10. "And even if you can sue, you can't win."
It's mighty tough to nail a lawyer for malpractice. Some 68% of malpractice claims from 1996 through 1999 closed without the client receiving payment from the lawyer's insurance company, and only 6.7% netted more than $50,000, according to a 2001 ABA survey.
Why is it so hard? For one thing, only an estimated 30 to 50% of lawyers even carry insurance, so collecting is a long shot. Plus, to win your case, you have to prove not only that the lawyer failed to perform but also that your case would have turned out differently had he done a better job. Hard to do, since a legal issue is seldom a slam-dunk, even if the lawyer does everything right.
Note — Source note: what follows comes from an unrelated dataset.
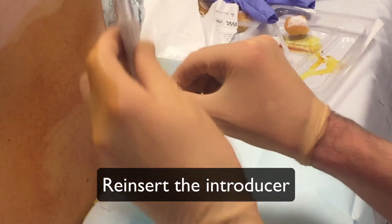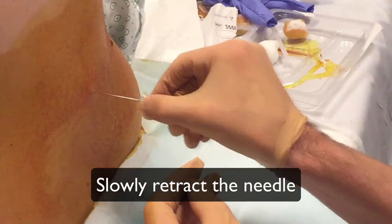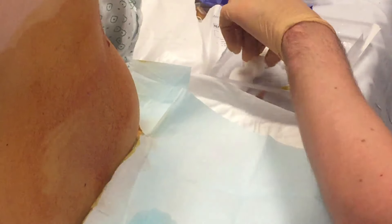Replace the introducer before removing the needle. Leave the patient on a stretcher for several hours to prevent headache and leakage.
Malpractice insurance doesn't cover everything anyway, as Leslie Cerrato learned in 2002, after she won a $250,000 settlement from her lawyer, Milo J. Altschuler. The prominent attorney pleaded no contest to the charge that in 1991 he put Cerrato over his lap in a Connecticut courthouse and spanked her to discourage nervous fidgeting in front of the judge. Altschuler authorized Cerrato to make her claim with his insurance carrier, American Home Assurance, but the company balked, insisting that malpractice insurance does not cover spanking. "[F]ondling the bare bottoms of female clients is not part of the practice of law," argued American Home. A federal judge agreed, dashing any hopes Cerrato had.